[Provided records — start]
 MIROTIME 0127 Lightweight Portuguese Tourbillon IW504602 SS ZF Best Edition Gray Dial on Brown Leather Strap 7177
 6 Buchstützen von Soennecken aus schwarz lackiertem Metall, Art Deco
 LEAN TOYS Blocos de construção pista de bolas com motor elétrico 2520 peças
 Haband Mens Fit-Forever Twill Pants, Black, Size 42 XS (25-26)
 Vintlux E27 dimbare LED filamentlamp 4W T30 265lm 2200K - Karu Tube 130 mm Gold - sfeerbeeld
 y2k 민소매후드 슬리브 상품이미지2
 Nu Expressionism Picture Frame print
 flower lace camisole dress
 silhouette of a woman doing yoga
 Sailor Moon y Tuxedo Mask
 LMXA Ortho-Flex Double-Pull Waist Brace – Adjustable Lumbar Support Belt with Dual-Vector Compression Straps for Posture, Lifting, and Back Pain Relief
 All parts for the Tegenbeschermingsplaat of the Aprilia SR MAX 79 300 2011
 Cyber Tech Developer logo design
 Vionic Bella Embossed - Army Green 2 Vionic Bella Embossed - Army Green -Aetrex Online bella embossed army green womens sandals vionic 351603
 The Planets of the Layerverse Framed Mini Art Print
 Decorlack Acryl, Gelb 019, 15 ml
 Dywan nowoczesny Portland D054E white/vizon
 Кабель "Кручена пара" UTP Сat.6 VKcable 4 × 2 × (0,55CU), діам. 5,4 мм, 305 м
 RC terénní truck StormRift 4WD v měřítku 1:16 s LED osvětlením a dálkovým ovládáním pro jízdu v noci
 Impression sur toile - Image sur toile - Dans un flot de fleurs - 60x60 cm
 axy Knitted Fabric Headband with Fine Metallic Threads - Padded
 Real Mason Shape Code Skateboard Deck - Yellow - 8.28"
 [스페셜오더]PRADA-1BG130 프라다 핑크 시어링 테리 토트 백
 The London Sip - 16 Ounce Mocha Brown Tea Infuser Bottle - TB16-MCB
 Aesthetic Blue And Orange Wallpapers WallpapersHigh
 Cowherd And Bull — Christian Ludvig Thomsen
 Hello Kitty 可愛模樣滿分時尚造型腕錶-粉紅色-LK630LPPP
[Provided records — finish]
Your objective: Only lines holding the word "Brown" are wanted here; copy each from the listing.

Solution below:
 MIROTIME 0127 Lightweight Portuguese Tourbillon IW504602 SS ZF Best Edition Gray Dial on Brown Leather Strap 7177
 The London Sip - 16 Ounce Mocha Brown Tea Infuser Bottle - TB16-MCB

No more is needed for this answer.